The TPS case will take longer, but could still reach the high court, Saenz said. Earlier this month a 2-1 panel of appellate judges from the Ninth Circuit Court of Appeals ruled that the administration could end protections for immigrants from El Salvador, Haiti, Nicaragua and Sudan who have received Temporary Protective Status. Others from Nepal and Honduras could also be affected as a separate but similar case on their behalf was placed on hold pending the outcome of the other case. The plaintiffs in that case will petition the full appellate court to hear the case, which could extend into next year.
Jackie Watson, an Austin-based immigration attorney who was one of the first in Texas to assist DACA applicants, said predicting how the Supreme Court decides any case isn’t a smart bet, citing the June decision as the most recent example. But what is certain is that Ginsburg’s death means the loss of a justice who weighed carefully the balance of state and federal power on immigration and the effect patchwork laws could have on civil rights.
“For her, there was a reason immigration power is reserved for the federal government and that has to do with uniformity,” Watson said. “I think it does go back, for her, to protect due process in a federal system.”
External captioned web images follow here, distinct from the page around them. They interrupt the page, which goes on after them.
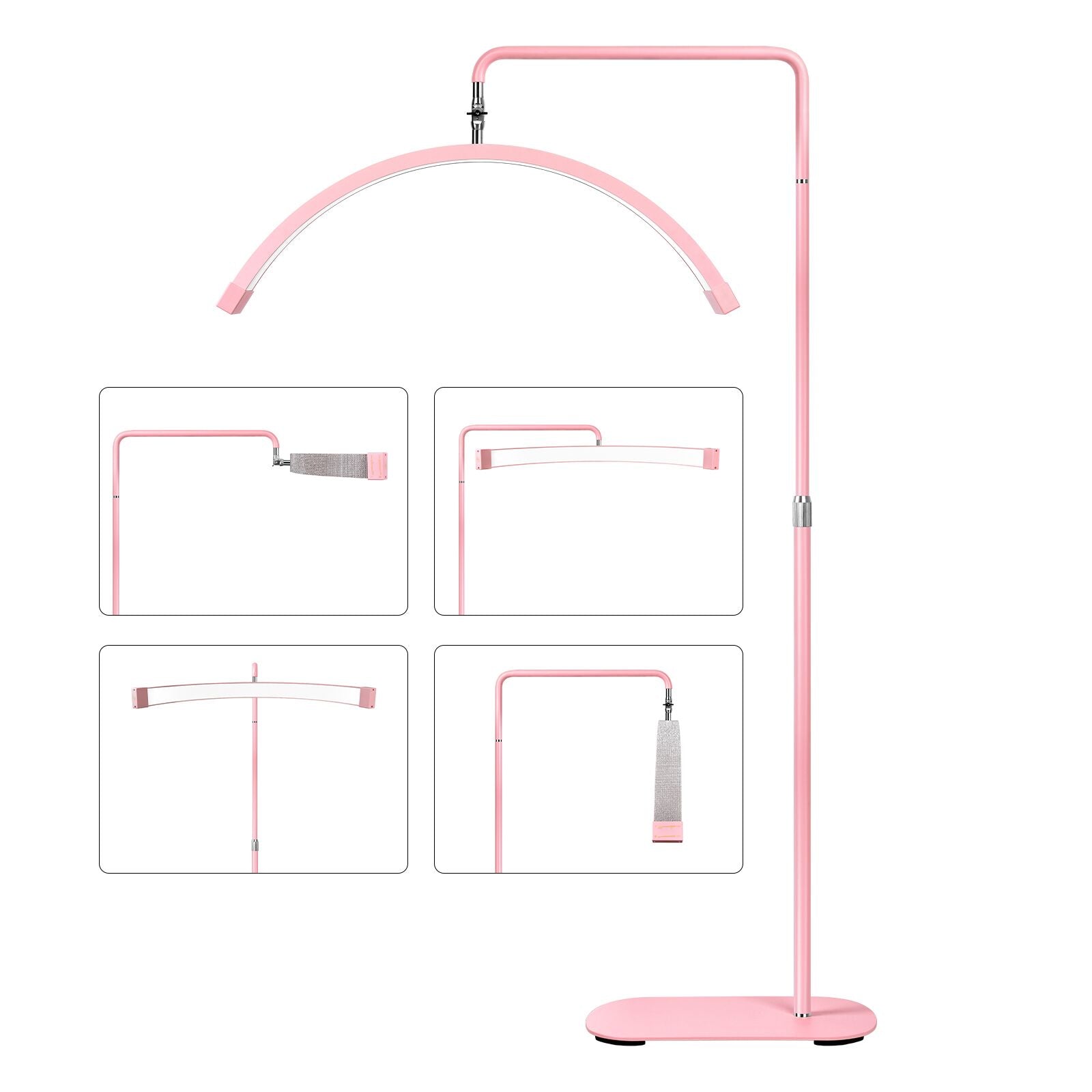 Lámpara Profesional Media Luna Multiángulo 28” Diseño Diamante – Luz Estética de Alta Precisión | RJ Moon Pro X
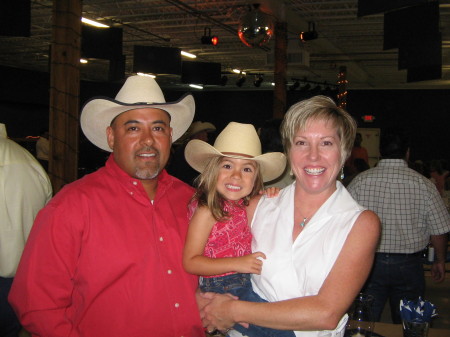 My family in 2006...Fred, Renee, and Jordyn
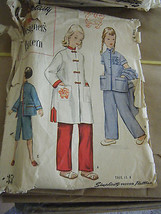 Vintage 1950&#39;s Simplicity 8353 Girl&#39;s Pajamas or Beach Wear Pattern - Si... - £11.19 GBP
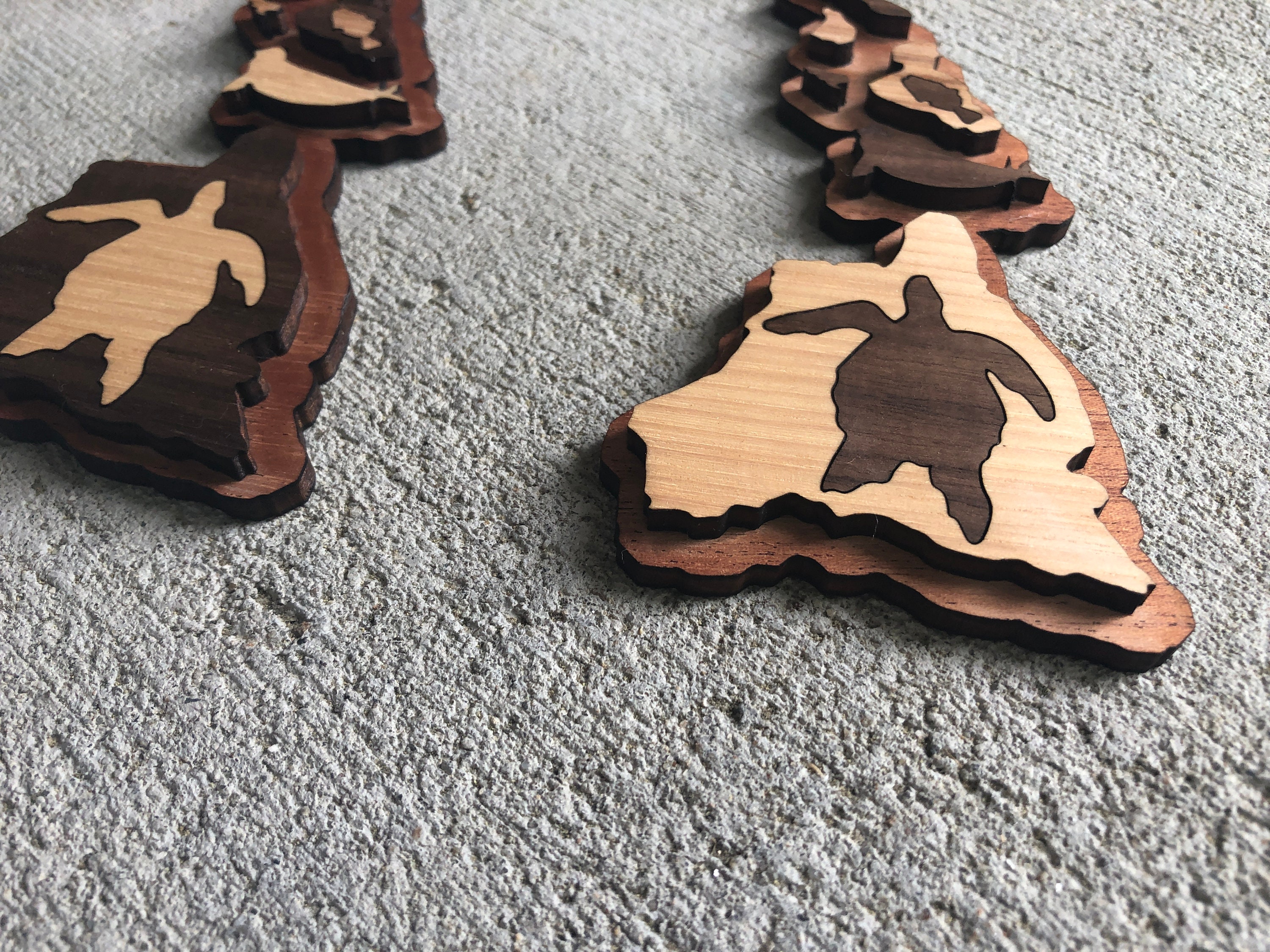 Hawaii Art / Wooden State of Hawaii | Etsy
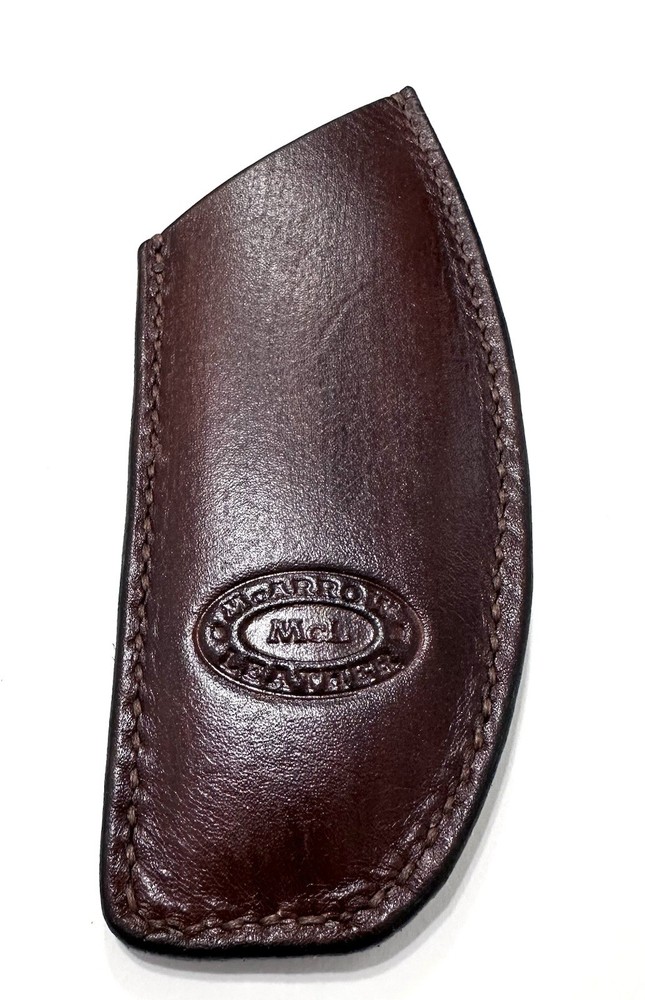 Strider SMF Leather Sheath Handcrafted.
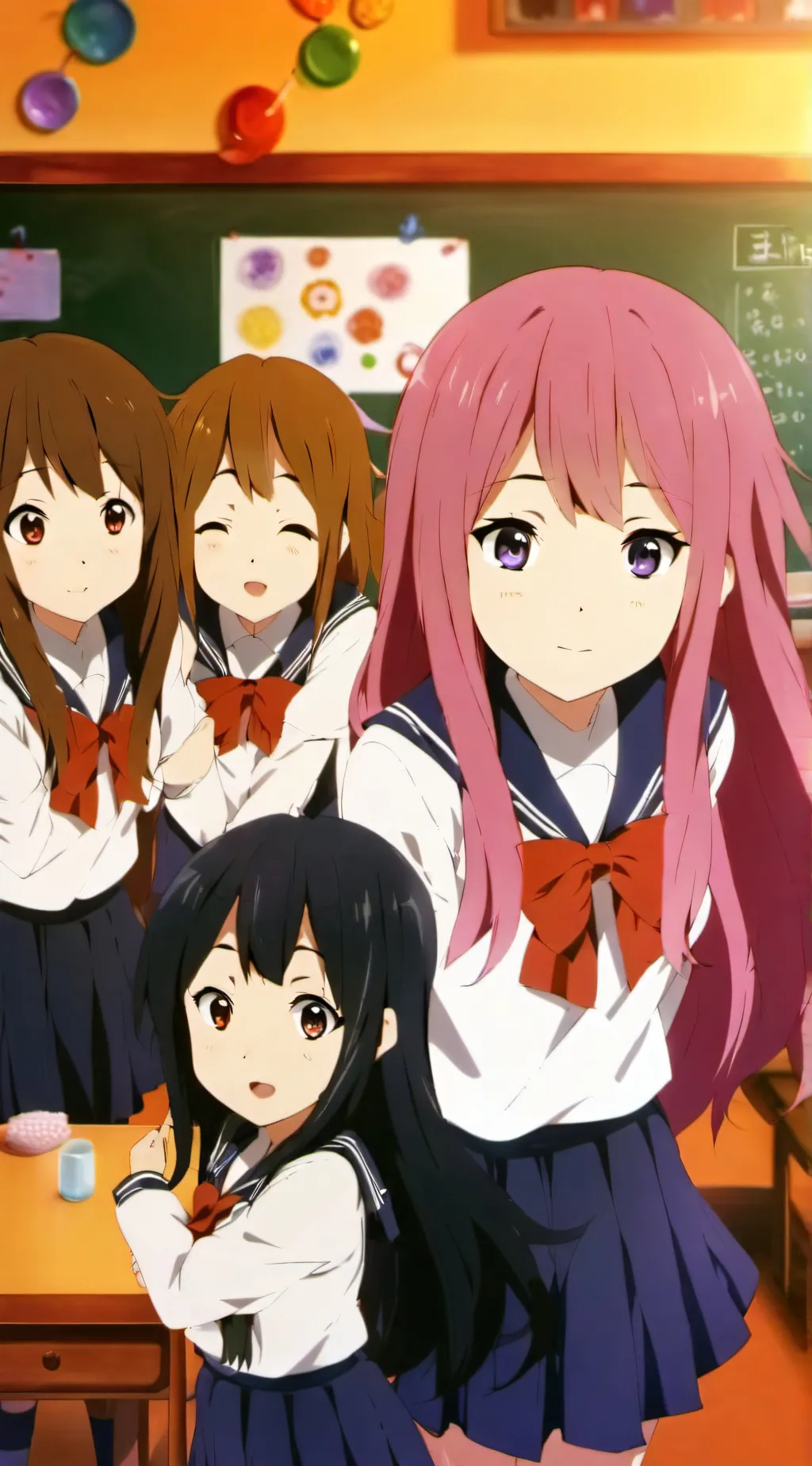 ai character: Ddlc school  background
Watson cited Ginsburg’s dissent on a 2011 decision in which the court ruled that Arizona could revoke the business licenses of employers who knowingly hire undocumented immigrants and mandate use of the federal electronic employment verification system called E-Verify.
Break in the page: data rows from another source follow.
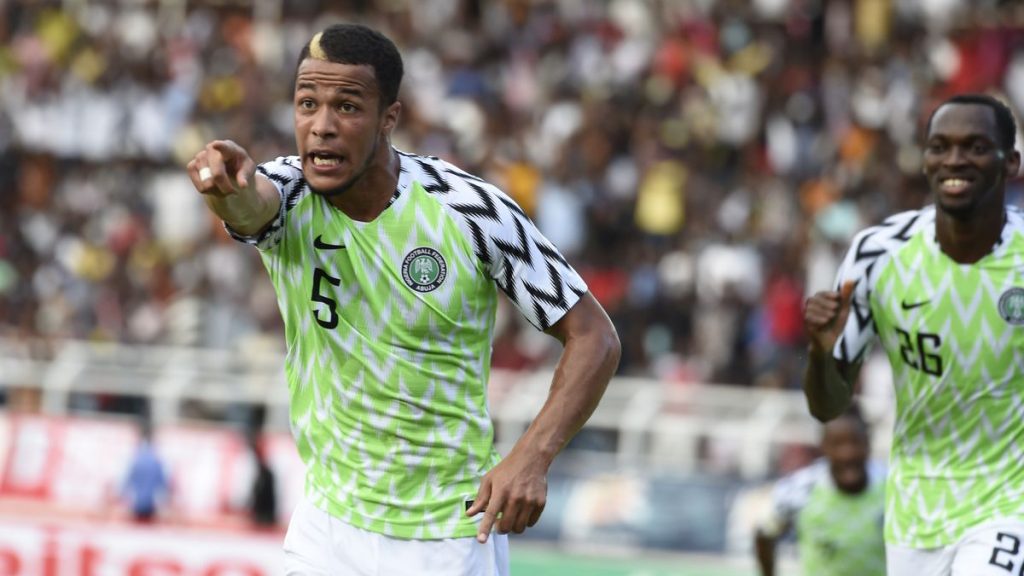 لباس اول نیجریه در جام جهانی 2018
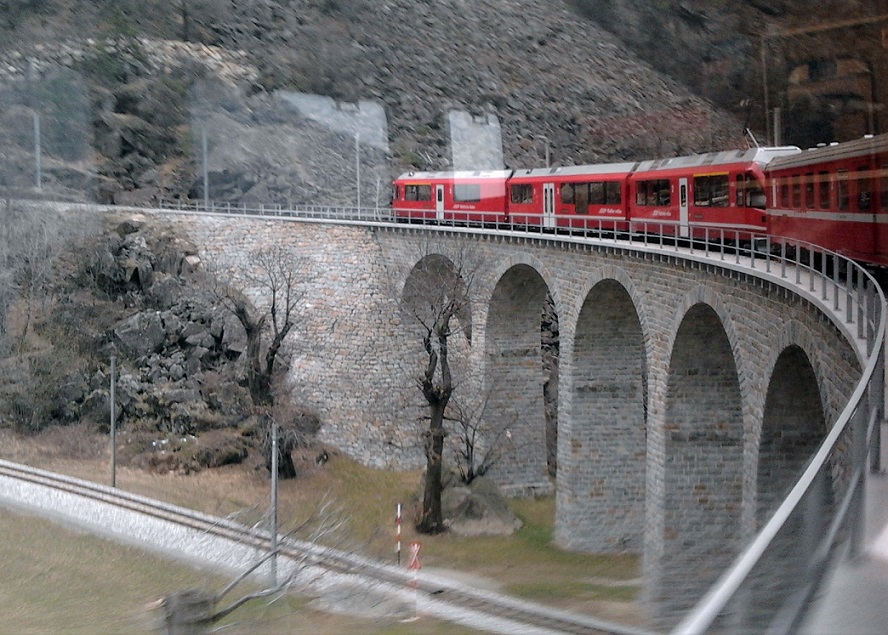 Il viadotto del Trenino Rosso del Bernina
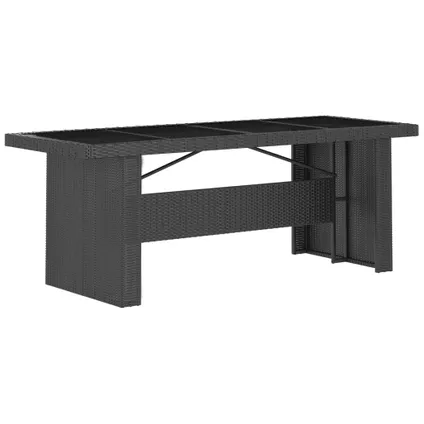 vidaXL Table de jardin Noir 62x62x65 cm Aluminium coulé 10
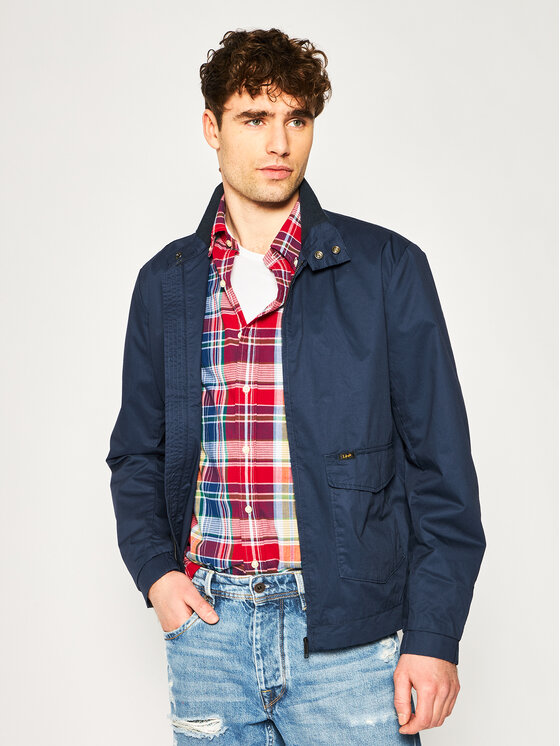 Lee Lee Giacca di transizione Harrington L88TCR35 112123781 Blu scuro Regular Fit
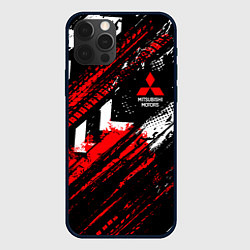 Чехол iPhone 12 Pro Max Mitsubishi - sport style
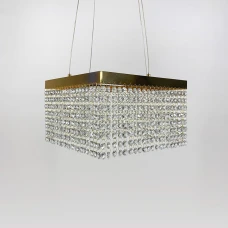 Line.F 2802 GD 48,5Вт 3500K золотий 2298_3622. Люстра кришталева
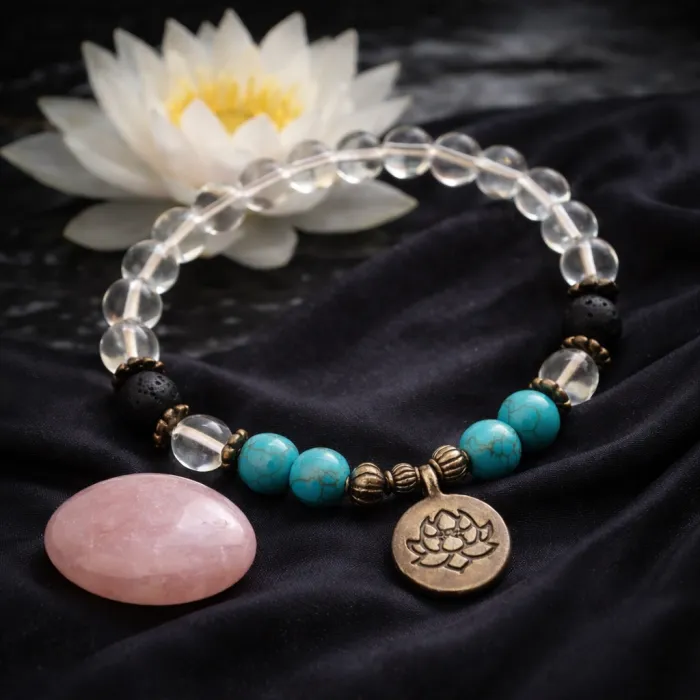 Zapestnica Iz teme v svetlobo – kot lokvanj 6370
Ginsburg was also part of the majority when the court ruled against to the indefinite detention of immigrants subject to deportation if they could not be sent back to their country of origin, which Watson said was also motivated by her respect for due process.
“She didn’t like prolonged, much less indefinite detention,” Watson said. “The detention cases [are]where she was really adamant that the circumstances in which detention is used should be way more sparing.”
Watson said that immigration law isn’t always determined by a justice’s ideology alone, citing a 2004 decision on deportable offenses as an example of how the entire court came together.
That case, Leocal v. Ashcroft, eliminated driving while intoxicated from the list of crimes that blocked deported immigrants from naturalization. The 9-0 decision recently allowed a deported veteran from Texas to finally become a U.S. citizen earlier this month.
Watson said Ginsburg didn’t just consider the legality of the issue, but also the humanity.
“There was an underlying concern for their due process rights and there was an underlying concern for their civil rights,” she said.